When you drop to 0 hit points, one of the following happens:
Massive damage can kill you instantly, if delivered in a single attack. If you take at least twice your maximum HP in damage, you die instantly. Otherwise, you fall unconscious.
For example, if you have 20 maximum HP, any attack that deals 40 HP or more in one hit will kill you outright.
If damage reduces you to 0 hit points and fails to kill you, your character falls prone, incapacitated and unconscious. You can’t move, and can not take any action or reaction. You drop whatever you’re holding, automatically fail Strength and Dexterity saving throws, and all attack rolls against you have Advantage.
From the following turn onwards, you make Death Saving Throws until you are stabilised or until another character helps stabilise you.
Death Saving Throws
Whenever you start your turn with 0 hit points, you must make a special saving throw, called a death saving throw, to determine whether you creep closer to death or hang on to life. Unlike other saving throws, this one isn’t tied to any ability score. You are in the hands of fate now, aided only by certain spells and features that improve your chances of succeeding on a saving throw.

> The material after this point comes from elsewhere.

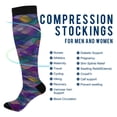 thumbnail image 2 of FORMRS Womens Knee High Socks Casual Long Thick Travel Daily Wear, 1 Pair, Purple Waves Pattern, 2 of 6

Roll a d20. If the roll is 10 or higher, you succeed. Otherwise, you fail. A success or failure has no effect by itself. On your third success, you become stable (see below). On your third failure, you die. The successes and failures don’t need to be consecutive; nothing happens until you accumulate three of one or the other. Keep track of both on your character sheet until you collect three of a kind. The number of both is reset to zero when you regain any hit points or become stable.
Rolling 1 or 20. When you make a death saving throw and roll a 1 on the d20, it counts as two failures. If you roll a 20 on the d20, you immediately regain 1 hit point and your consciousness.
Damage at 0 HP
If you take any damage while you have 0 hit points, you automatically suffer a critical hit. If this damage exceeds the rules for Instant Death as described above, you instantly die. It’s important that your companions try to prevent you from being attacked until you stabilise or you are healed up. If you suffer a critical hit but don’t instantly die, you remain at 0 HP, but you may be maimed, scarred, or otherwise permanently damaged from the blow, because of your vulnerability. If you later die after being maimed or amputated, these injuries may hinder your resurrection.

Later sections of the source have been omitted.